What interested me was that he drew a distinction between the various construction sectors, and between sustainable accreditation from the likes of BREEAM, LEED and WELL, on the one hand, and ESG, on the other. The problem with ESG was two-fold, he told me. While it is a good catch-all, it is tough to pin down what it actually means and how you measure it. Secondly, and this may be linked to that first argument, he sees a lack of “commitment” to ESG.

He also thinks the office sector is more mature than, for example, the residential. Green office certificates are no longer a differentiator on the market but a “must-have.” I can’t remember the last time an A-class office was built in Budapest that did not have at least one form of accreditation. Indeed, the recent trend has been to go for at least two. But it has become the norm because it has been market-led. Employees have become more aware of the environmental challenges facing the world and want to work in sustainable buildings. Employers, who operate in an extremely tight labor market in Budapest, want to hold on to their staff and thus need to find offices that tick the right boxes. Combined, these forces mean a green-accredited office building is easier to lease fully than one that is not. Such an asset makes more money quicker for its owners, and if, as an investor, you want an exit at a good price, your building really has to be certified.

Perhaps the biggest differentiator between those two conversations is the years separating them. Only die-hard climate change deniers now argue our actions are not having a serious detrimental impact on our planet. Massányi says he is aware of his industry’s responsibility in contributing to the problem in the first case and mitigating it in the second. Some things don’t change, though. As I replayed that first conversation in my head, the phrase “price sensitive” rang a bell. Sure enough, one of our expert witnesses inside this issue makes that same point. Some changes take longer than others, I guess.

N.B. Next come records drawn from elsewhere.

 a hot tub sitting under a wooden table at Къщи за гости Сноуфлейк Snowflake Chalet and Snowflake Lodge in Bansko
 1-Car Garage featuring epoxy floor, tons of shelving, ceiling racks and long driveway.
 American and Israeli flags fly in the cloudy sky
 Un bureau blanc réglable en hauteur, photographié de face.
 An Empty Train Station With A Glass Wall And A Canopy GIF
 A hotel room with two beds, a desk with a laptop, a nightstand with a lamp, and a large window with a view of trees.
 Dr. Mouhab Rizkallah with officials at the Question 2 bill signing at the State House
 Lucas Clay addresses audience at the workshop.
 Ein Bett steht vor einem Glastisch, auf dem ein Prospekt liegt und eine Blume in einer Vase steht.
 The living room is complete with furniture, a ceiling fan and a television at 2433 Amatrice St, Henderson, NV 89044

Be that as it may, “sustainability” as a concept is here to stay. ESG looks precisely like the sort of field the European Union would want to get heavily involved in legislating. Perhaps, in the greater scheme of things, it doesn’t matter whether the drive for sustainable buildings across all construction sectors is developer-led or market-led. What matters is that we get there. And the quicker, the better.

Robin Marshall

Editor-in-chief

This article was first published in the Budapest Business Journal print issue of May 6, 2022.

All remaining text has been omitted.